Yesterday I went to the Admiral and the Captain's to watch the Patriots game and spent the day in Medford. They were kind to me as always and sent me home with a lot of food.


The Admiral saved a man's life this year, which was on the news and he received a number of awards, so I learned about that and saw video of him saving the man's life while putting himself in danger without hesitation, which is exactly how the Admiral is. He also had a stroke himself. His health seems good now.


The Admiral and the Captain are uncomplicated people who have always been there for me and helped me many times. The Captain likes to watch TCM but as she tells me, she has been intimidated by my mind since I was a child. She's known me my whole life. We can't really talk movies--for instance, Orson Welles came up--unless I kind of just nod and keep it very vague and topical and mostly smile and listen, but I care about them deeply and they have my eternal gratitude and respect. I tend not to talk about myself at all and keep the focus elsewhere, because how could I go into things and forces and problems this large, this unprecedented? And what I am doing. The size and the scope of everything.

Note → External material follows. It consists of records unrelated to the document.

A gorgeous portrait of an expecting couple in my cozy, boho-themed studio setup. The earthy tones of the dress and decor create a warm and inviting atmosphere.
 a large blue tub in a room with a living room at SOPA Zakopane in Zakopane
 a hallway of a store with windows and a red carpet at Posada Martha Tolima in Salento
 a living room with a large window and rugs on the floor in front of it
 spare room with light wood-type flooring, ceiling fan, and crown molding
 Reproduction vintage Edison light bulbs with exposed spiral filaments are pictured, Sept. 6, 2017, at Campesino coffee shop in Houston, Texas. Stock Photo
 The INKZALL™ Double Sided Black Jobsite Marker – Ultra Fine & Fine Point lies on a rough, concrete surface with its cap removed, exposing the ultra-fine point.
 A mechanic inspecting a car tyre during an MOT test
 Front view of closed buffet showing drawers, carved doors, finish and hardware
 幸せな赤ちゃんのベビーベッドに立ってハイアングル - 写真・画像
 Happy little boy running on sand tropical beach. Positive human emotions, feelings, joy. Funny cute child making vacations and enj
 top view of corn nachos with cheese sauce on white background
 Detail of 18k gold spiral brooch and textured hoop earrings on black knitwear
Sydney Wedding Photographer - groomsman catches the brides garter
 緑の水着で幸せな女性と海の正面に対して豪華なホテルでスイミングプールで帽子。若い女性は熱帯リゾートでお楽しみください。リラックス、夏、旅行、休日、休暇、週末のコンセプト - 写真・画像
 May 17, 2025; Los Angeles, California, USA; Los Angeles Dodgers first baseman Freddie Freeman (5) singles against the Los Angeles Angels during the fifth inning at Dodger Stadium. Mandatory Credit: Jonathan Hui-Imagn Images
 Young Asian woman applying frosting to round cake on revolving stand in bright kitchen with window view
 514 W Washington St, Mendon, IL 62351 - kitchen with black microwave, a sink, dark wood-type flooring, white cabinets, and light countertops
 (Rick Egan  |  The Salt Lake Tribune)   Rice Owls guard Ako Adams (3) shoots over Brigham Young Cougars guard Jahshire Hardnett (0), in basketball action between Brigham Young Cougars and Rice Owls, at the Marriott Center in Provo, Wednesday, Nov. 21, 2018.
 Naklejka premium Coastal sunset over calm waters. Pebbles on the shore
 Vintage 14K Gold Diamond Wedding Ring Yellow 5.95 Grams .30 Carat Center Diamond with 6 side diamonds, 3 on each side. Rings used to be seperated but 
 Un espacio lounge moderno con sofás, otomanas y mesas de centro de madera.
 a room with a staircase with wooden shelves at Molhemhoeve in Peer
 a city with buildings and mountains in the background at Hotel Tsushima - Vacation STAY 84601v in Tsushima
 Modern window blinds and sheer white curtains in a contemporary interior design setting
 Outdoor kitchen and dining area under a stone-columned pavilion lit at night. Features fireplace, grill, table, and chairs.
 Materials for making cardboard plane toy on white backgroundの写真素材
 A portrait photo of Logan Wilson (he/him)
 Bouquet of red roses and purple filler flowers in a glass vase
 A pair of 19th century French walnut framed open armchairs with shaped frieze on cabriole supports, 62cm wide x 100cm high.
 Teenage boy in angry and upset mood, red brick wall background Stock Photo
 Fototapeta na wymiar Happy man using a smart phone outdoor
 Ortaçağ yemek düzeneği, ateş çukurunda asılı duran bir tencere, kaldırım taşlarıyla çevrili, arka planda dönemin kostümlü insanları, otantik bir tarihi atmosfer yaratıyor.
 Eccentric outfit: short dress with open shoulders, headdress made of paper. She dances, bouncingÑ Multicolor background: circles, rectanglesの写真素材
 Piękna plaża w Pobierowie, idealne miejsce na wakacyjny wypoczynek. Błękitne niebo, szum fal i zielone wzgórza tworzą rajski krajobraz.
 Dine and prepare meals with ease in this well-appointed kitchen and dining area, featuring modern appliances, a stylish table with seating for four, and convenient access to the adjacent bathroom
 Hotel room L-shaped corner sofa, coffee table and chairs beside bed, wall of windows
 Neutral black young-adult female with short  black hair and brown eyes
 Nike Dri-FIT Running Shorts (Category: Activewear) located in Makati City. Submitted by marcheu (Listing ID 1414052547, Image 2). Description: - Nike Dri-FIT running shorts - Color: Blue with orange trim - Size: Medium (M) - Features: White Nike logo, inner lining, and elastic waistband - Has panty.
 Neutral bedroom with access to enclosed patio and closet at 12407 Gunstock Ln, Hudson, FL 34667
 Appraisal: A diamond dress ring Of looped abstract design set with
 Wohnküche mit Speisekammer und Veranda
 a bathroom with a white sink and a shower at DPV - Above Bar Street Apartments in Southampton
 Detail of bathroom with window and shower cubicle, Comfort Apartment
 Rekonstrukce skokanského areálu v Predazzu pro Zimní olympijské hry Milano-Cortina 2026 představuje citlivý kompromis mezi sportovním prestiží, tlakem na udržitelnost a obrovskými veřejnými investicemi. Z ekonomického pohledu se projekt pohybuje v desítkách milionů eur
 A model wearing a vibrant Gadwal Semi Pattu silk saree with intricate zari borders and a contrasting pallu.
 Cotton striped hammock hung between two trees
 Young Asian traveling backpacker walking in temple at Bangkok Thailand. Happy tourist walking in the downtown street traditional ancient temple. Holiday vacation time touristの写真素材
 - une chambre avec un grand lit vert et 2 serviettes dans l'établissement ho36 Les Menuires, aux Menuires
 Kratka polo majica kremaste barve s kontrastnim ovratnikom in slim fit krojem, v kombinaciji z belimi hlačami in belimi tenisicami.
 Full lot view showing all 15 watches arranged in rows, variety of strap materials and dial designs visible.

It's all just too much.


The Admiral and the Captain feature in the essay, "A Midshipman Lights Out"--which they've read; the Captain told me it made her cry--that was published a few years ago and is in Glue God: Essays (and Tips) for Repairing a Broken Self.


It's about the day I had to go to Rockport in autumn 2012 to take the last of my possessions out of my beloved house I'm trying to get back. One of the very worst days of my life, which is saying something, considering how many hundreds and hundreds of days there has been that would kill someone else.


The Captain looked at me at one point--she took charge--and told the Admiral that he had to get me the hell out of there--I must have looked like death--and I remember driving in the car with him, leaving the town behind, feeling like there was a scalpel being taken to my soul.


I was married to a very evil person. It's an evil I don't even mention much in these pages. An unsurpassable evil. And a singular betrayal given the context and what was really a set-up of the worst kind. I think often about the lowest level of hell, how Dante put Judas in Satan's mouth. This is past Judas, if one knows the context and that set-up. What I was asked to do and give, what I was led to believe I should have done and given. The trust I was encouraged to cede over.


The time for all of those words will come.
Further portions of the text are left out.